Description of the task: Omit the pictures, and output the rest of the entries exactly as written.

+ + + +

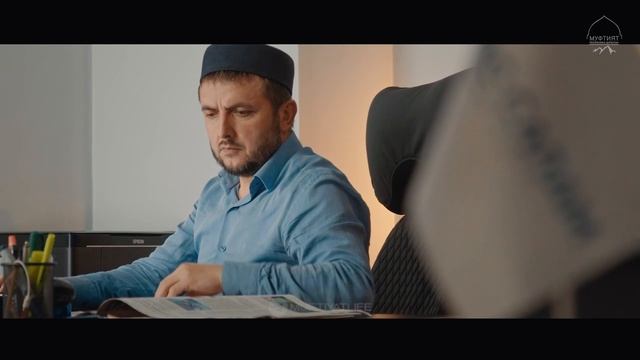 Газета Ас-салам
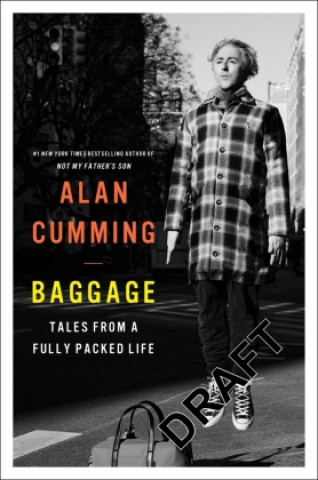 Baggage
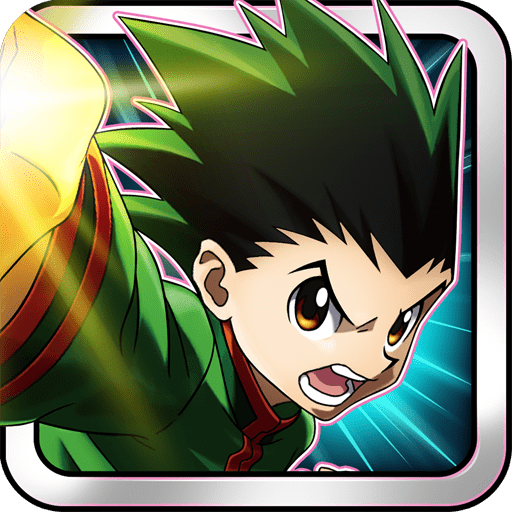 天天猎人官方版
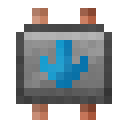 我的世界科技复兴合成表大全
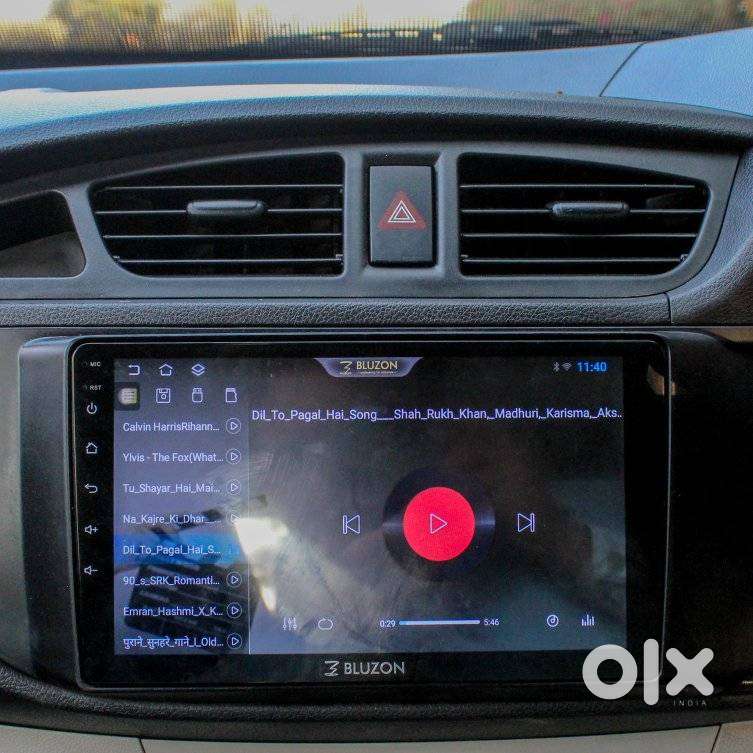 Maruti Suzuki Alto Green Lxi (cng), 2022, Cng & Hybrids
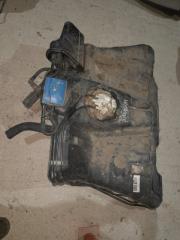 Бензобак Opel Signum 2003-2008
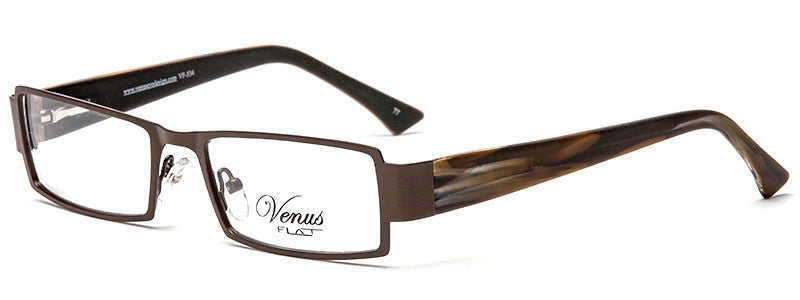 Venus Flat VF-534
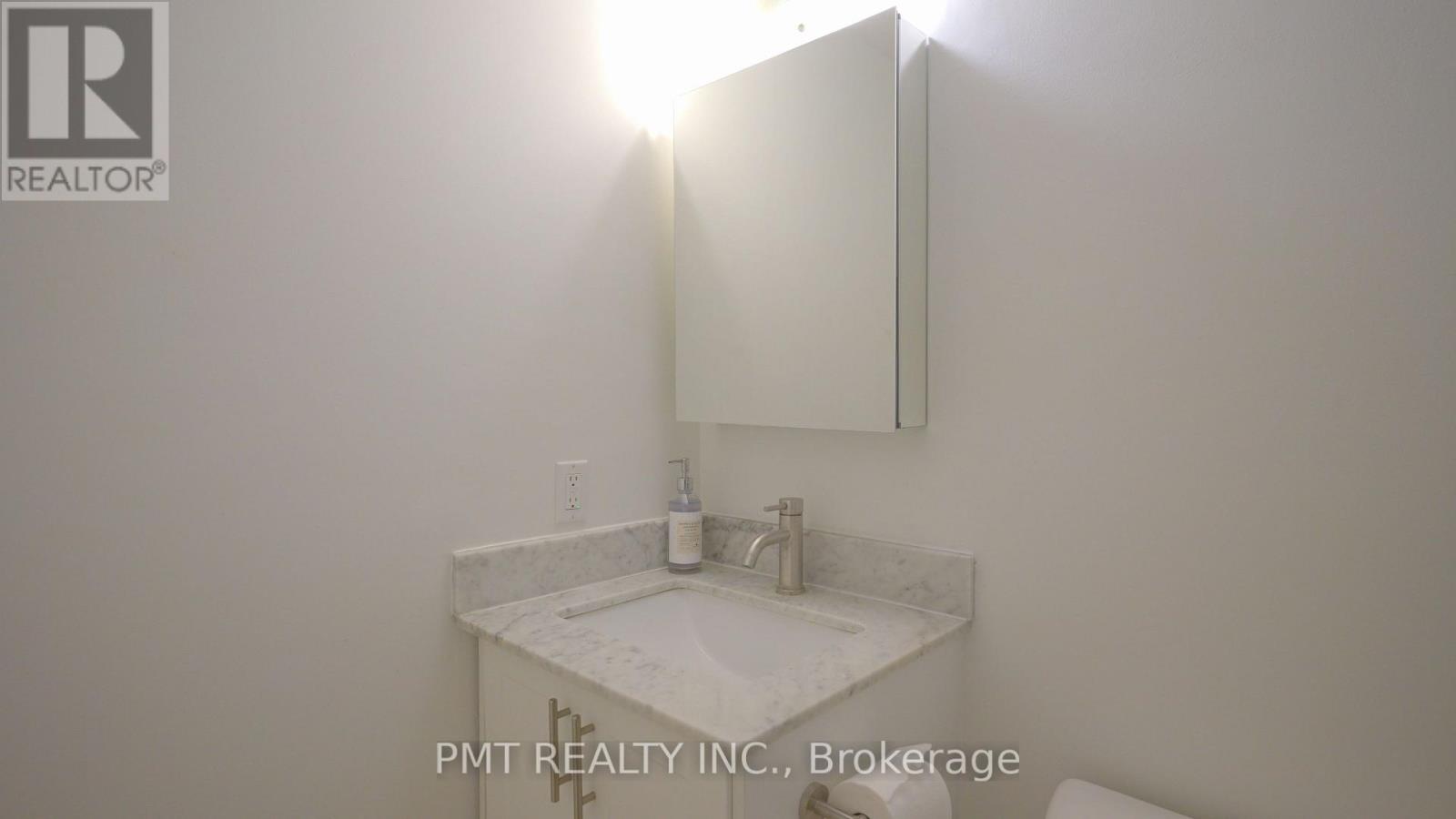 33 - 4605 Donegal Drive, Mississauga, Ontario  L5M 4X7 - Photo 24 - W13622282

+ + + +

Your response:
 Газета Ас-салам
 Baggage
 天天猎人官方版
 我的世界科技复兴合成表大全
 Maruti Suzuki Alto Green Lxi (cng), 2022, Cng & Hybrids
 Бензобак Opel Signum 2003-2008
 Venus Flat VF-534
 33 - 4605 Donegal Drive, Mississauga, Ontario  L5M 4X7 - Photo 24 - W13622282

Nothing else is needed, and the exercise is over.